Le nouvel échevin entend être au service de « la sécurité et de la propreté ». Nous avons un centre pour demandeurs d’asile dans notre village et c’est une autorité fédérale. Mais nous voulons le garder sûr et propre. Nous ne voulons absolument pas d’urbanisation dans notre village, c’est pourquoi nous voulons arrêter les grands projets de construction. »
Deux communes aux mains de l’extrême droite
Le cordon sanitaire est le résultat d’un accord conclu en 1989 entre les partis flamands de ne pas coopérer et de gouverner avec le Vlaams Belang. Comme à Ranst, il s’agit de listes locales, certains estiment que le cordon n’a pas été rompu samedi au sens strict. Pour d’autres, il est clair au contraire que l’accord était valable à tous les niveaux du pouvoir.

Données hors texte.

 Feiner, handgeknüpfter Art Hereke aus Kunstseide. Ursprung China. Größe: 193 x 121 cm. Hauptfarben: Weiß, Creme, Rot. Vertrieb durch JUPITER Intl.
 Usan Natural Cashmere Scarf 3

L’Open VLD libéral a ainsi annoncé que les cartes de membres des élus de Vrij Ranst seraient retirées. «C’est contraire à nos statuts. Les membres de notre parti ne sont pas autorisés à travailler avec des personnes qui ne respectent pas les droits de l’homme en général », a déclaré Eva De Bleeker, présidente de l’Open VLD.
Le CD&V chrétien-démocrate a fait de même pour les trois élus de la liste PIT, la liste du maire « parjure » : « Notre parti révoquera immédiatement l’adhésion de ces élus. Nous n’accepterons jamais que des membres du CD&V collaborent avec le Vlaams Belang. Nos principes démocratiques sont plus importants que quelques positions.»
Le Vlaams Belang est désormais au pouvoir dans deux communes flamandes. A Ranst, et à Ninove où Guy D’haeseleer et sa liste locale Forza Ninove l’ont emporté le 13 octobre. Mais ici, le cordon sanitaire n’a pas été brisé car aucun parti démocrate ne s’est allié à l’extrême droite. Et pour cause : le Vlaams a obtenu la majorité absolue aux urnes.